=== Your instructions ===
Once you find the line below that has "מלון Le Hameau De Saparale 4*", output it and every line after it exactly, stopping after the line that has "Summerlee Maison | 498 C Terry Ave", with no pictures.

=== Given data ===
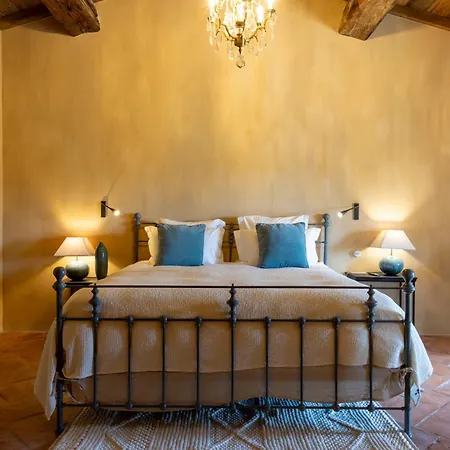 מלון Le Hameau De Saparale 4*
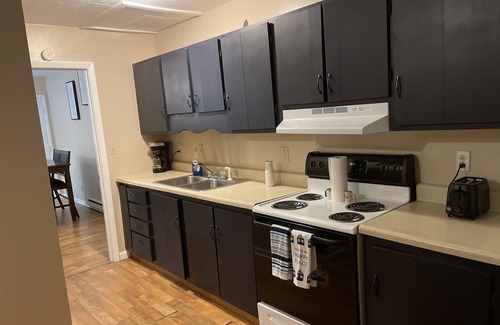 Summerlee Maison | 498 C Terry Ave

==

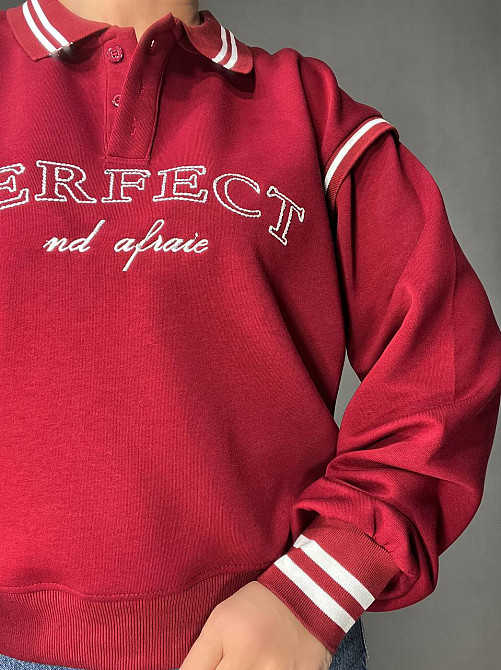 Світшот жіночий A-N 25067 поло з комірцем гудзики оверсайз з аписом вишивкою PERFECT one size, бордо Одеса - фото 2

--

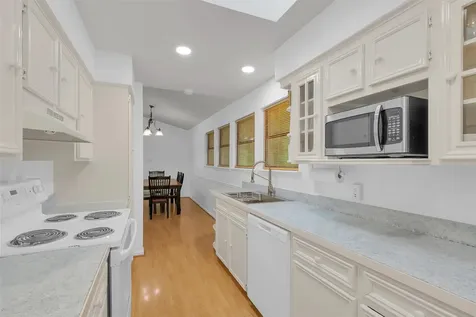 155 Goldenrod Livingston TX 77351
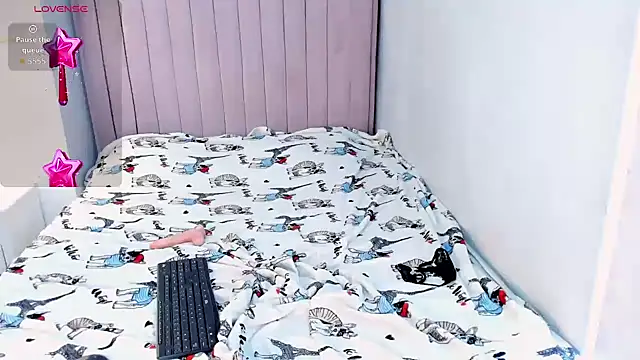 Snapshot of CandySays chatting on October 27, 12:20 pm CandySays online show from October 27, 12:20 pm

=== Output ===
 מלון Le Hameau De Saparale 4*
 Summerlee Maison | 498 C Terry Ave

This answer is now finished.